Downey is taken hostage but, before he’s forced to build the terrorists any weapons that could be turned on Americans, he breaks out of his three-month-long captivity in a scene that serves as an excessive revenge fantasy in which Downey, in a crude prototype of the Iron Man suit, sets a score of Afghans on fire. (America? Fuck yeah.) When he gets back to the States, he informs his handlers not only that he wants a cheeseburger—he wants a motherfuckin American cheeseburger.

That ingested, Downey tells a room full of reporters that his time in an Afghan cave has changed him and that he will no longer be manufacturing weapons. (Afterwards, many of his friends, like Terrence Howard, spurn him, as though he registered Democrat.) The first thing Downey does after that is get to work on building a new weapon, the suit that will turn him from a man of flesh into a Man of Steel, er, Iron. I’ve read a handful of reviews that claim Iron Man is a work of pacifism, a sly, liberalist attack on the military-industrial complex smuggled into multiplexes. But such a reading is superficial.

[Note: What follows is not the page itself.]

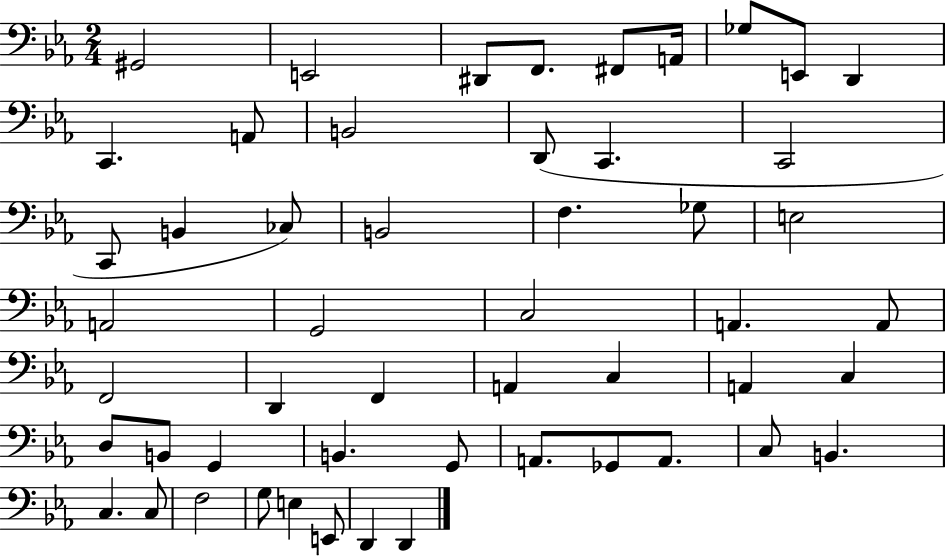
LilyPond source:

The problem, for Downey, is not that he once made weapons, but that he lost control over those weapons and allowed them to fall into the “wrong hands”—the hands of Afghans. The villain in Iron Man is neither war nor weaponry; it’s terrorists and colluding American corporations. How to defeat them? With a literal American fighting machine—a lone wolf, the John Wayne archetype. Fight fire with fire! Make peace at the end of a muzzle! No allies necessary! At this point in The War on Terror, such filmmaking is irresponsible. Iron Man’s problems extend beyond a poor script—it’s downright immoral.


Watch the trailer:

2 comments:

james flames said...

i doubt i'll ever give enough of a shit to watch this on purpose, and you pretty much proved why i wouldn't. besides, iron man is sort of a B level superhero (c'mon geek boys, prove me wrong). but damn dude, you're writing really is top notch, and very entertaining to read. keep watching the shitty movies and writing about them - it's a fun read for me! haha.

Henry Harvey said...

its a fricken action film, ok? Its not meant to make you think about life and deeper meanings etc. I liked it because it was kinda techy and had some sweet action scenes. Wat do u mean B level super hero James? He is a man in a metal suit.